Share with your network

Losing your job is hard enough. But what if you lost your healthcare insurance along with it? And there were no standardized ways to keep or transfer your health information? Although this scenario may seem hard to fathom today, in the not-so-distant past the loss of employer-based health insurance and irregular recordkeeping were very real fears. The Health Insurance Portability and Accountability Act (HIPAA) was passed in 1996 to address many concerns around health records and coverage. There are five sections (“titles”) to the act:

Title I: HIPAA Health Insurance Reform | Health care access, portability and renewability

Title I was implemented to address the availability of health insurance for individuals. In other words, it protects patients who might otherwise not have access to health insurance. It requires that during a change or loss of job, the employee may still have access to his insurance plan.

Title II: HIPAA Administrative Simplification| Preventing health care fraud and abuse; administrative simplification; medical liability reform

Title II requires the Department of Health and Human Services (HHS) to develop standards for the use and dissemination of healthcare information, a stipulation that resulted in the creation of the Privacy Rule and Security Rule.

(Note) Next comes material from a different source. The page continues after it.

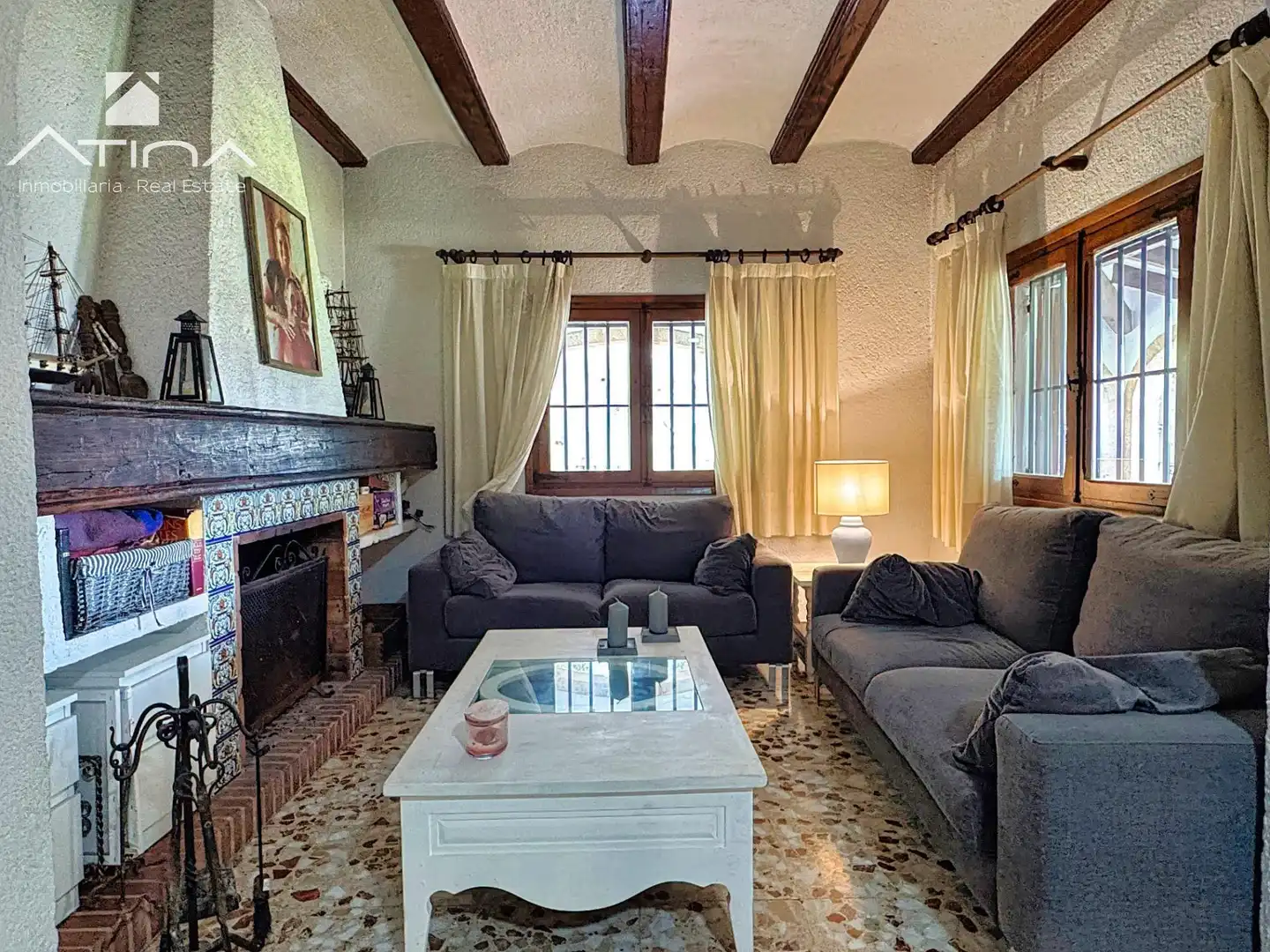 Living room of Houses for sale in Jávea / Xàbia  with Private garden, Terrace and Storage room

Both are intended to prevent health care fraud and abuse. The Privacy Rule establishes national standards for the protection of certain health information known as Protected Health Information (PHI). The Security Rule establishes a national set of security standards for ePHI, protected information that is stored or transferred electronically.

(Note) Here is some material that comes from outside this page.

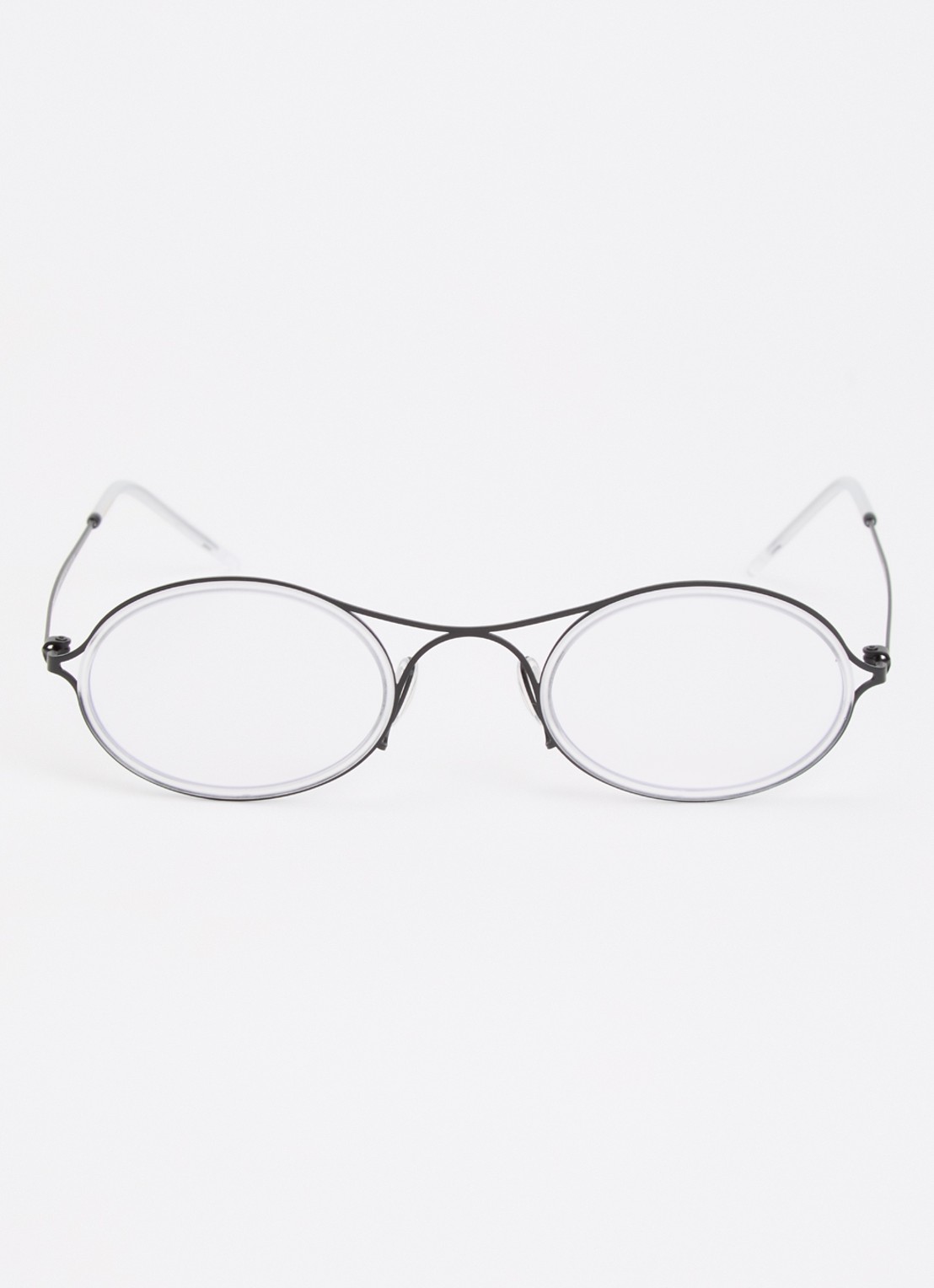 Armani Retro bril AR6187 - detail 2 zilver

Title III: HIPAA Tax-Related Health Provisions

This title adjusts laws regarding health insurance and medical deductions. The most important example of this might be the standardization of the amount that may be saved per person in a pre-tax medical savings account (MSA). Since 1997, MSAs have been available to employees covered under an employer-sponsored high deductible plan of a small employer and self-employed individuals.

Title IV: Application and Enforcement of Group Health Plan Requirements

Title IV specifies that employees cannot be denied coverage due to preexisting conditions or medical history.

Title V: Revenue Offsets

This title makes special provisions regarding company-owned life insurance, treatment of expatriated individuals, and also repeals the IRC’s financial institution rule to interest allocation rules.

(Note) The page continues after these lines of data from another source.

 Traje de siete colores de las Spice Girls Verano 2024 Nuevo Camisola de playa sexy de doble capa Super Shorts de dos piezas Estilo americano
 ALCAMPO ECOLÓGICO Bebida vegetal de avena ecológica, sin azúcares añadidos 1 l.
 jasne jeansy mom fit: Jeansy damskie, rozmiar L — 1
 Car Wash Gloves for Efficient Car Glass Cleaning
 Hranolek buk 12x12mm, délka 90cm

HIPAA affects all organizations that directly maintain and transmit protected health information. These include hospitals, healthcare providers, laboratories, health insurance companies, pharmacies and more. The Privacy and Security Rules have impacted the way these organizations operate and changed the landscape of healthcare treatment.

Some critics argue that HIPAA has built roadblocks that impede healthcare research, as healthcare organizations cannot perform studies based on patient chart data without consent. They claim that this has driven up costs of recruitment for studies and surveys.

Critics also point out that since patient data cannot be shared between healthcare providers without patient permission, some records are not transferred in a timely manner. Many people point to the complexity of implementing HIPAA as cause for increased expenses for healthcare providers.

On the other hand, many say HIPAA has bolstered information security in those same organizations. Standards for patient confidentiality and healthcare information have been established across organizations and information transfer is more secure and efficient. As a result of HIPAA, patients and their information are more protected than ever before.

HIPAA has become an ingrained part of the US healthcare system, impacting the millions who depend on hospitals, physicians, and other providers for life-saving treatments. Understanding HIPAA is key to understanding healthcare in America.